No primeiro ano desta iniciativa, os dois projetos mais votados a nível nacional foram:

  • Cultura para Todos (com 6614 votos), que propõe a doação de livros em boas condições a bibliotecas públicas, em troca de um vale para a compra de um livro numa livraria, assim como a oferta de um cheque-cultura a todos os jovens de 18 anos que lhes permita o acesso gratuito a museus e espaços culturais durante um ano. A proposta passa também pela criação de uma uma base de dados online gratuita onde reúna livros em suporte digital, em braille e em áudio adaptada para cidadãos com deficiência.
  • Tauromaquia – Património Cultura de Portugal (com 5792 votos), que passa por “apoiar os municípios com atividades taurinas nos seus esforços para proceder ao registo das expressões tauromaquicas presentes no seu território no inventário nacional do Património Cultural Imaterial de Portugal”, e por reunir a documentação necessária para registar como património cultural imaterial pelos menos duas das práticas taurinas de Portugal.

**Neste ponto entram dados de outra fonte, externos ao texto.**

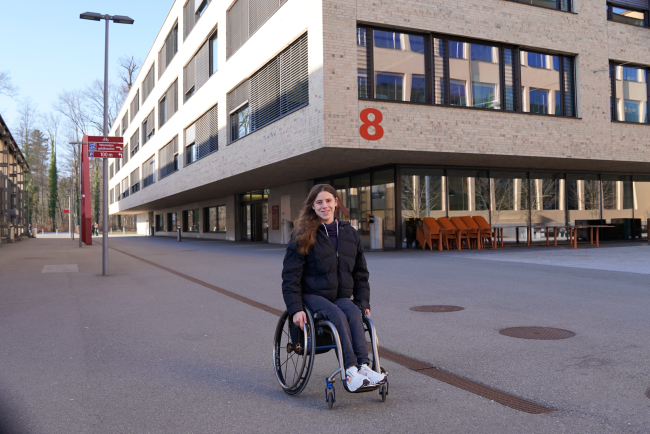 Studentin und Para-Schwimmerin Nora Meister auf dem vonRoll-Hochschulareal.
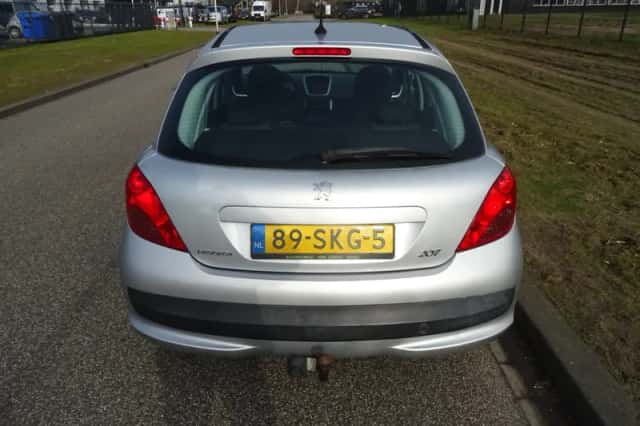 Peugeot 207 (2008) thumbnail 4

Cada um destes dois projetos terá uma verba de 200 mil euros e será implementado no âmbito do Orçamento do Estado. “O Governo vai assegurar a execução de todos os projetos vencedores, só assim podemos merecer a vossa confiança para o próximo orçamento participativo”, disse a ministra Maria Manuel Leitão Marques. O calendário? Entre 6 a 24 meses.

Questionada sobre se estava satisfeita com o facto de o projeto relacionado com a elevação da Tauromaquia a património imaterial de Portugal ter sido um dos grandes vencedores, a secretária de Estado Graça Fonseca invocou o espírito do Orçamento Participativo Portugal: “É a democracia a funcionar. Nem sempre gosto dos resultados das eleições, autárquicas, europeias, legislativas, presidenciais, mas sou democrata e aceito aquele que é o meu presidente de câmara, não tenho de gostar de todos mas isso é a democracia a funcionar”, disse.

No plano regional, dos 38 projetos vencedores, os mais votados concentraram-se na região Norte e Centro, sendo que a região de Lisboa foi a que teve menor participação. Números que Graça Fonseca dizem ser “reveladores” do país, na medida em que, enquanto que na região urbana de Lisboa “não conhecemos os nossos vizinhos”, nas outras regiões do país a “vizinhança” votou de forma mais massiva nos projetos locais. Destes 36 projetos regionais vencedores, 14 estão relacionados com Cultura; 8 com Ciência, 4 com Educação e Formação de Adultos, 1 com Agricultura, 5 com Justiça e outros 5 relacionados com Administração Interna. A ideia é cada um dos projetos ser integrado no quadro orçamental destas pastas ministeriais.

Para a secretária de Estado a moral da história é mesmo essa: estimular a participação cívica e pôr os cidadãos a exercer o seu dever de cidadão, não se limitando a ficar à espera do poder político. “O futuro depende mais de mim como cidadã do que de mim como membro do Governo”, resumiu.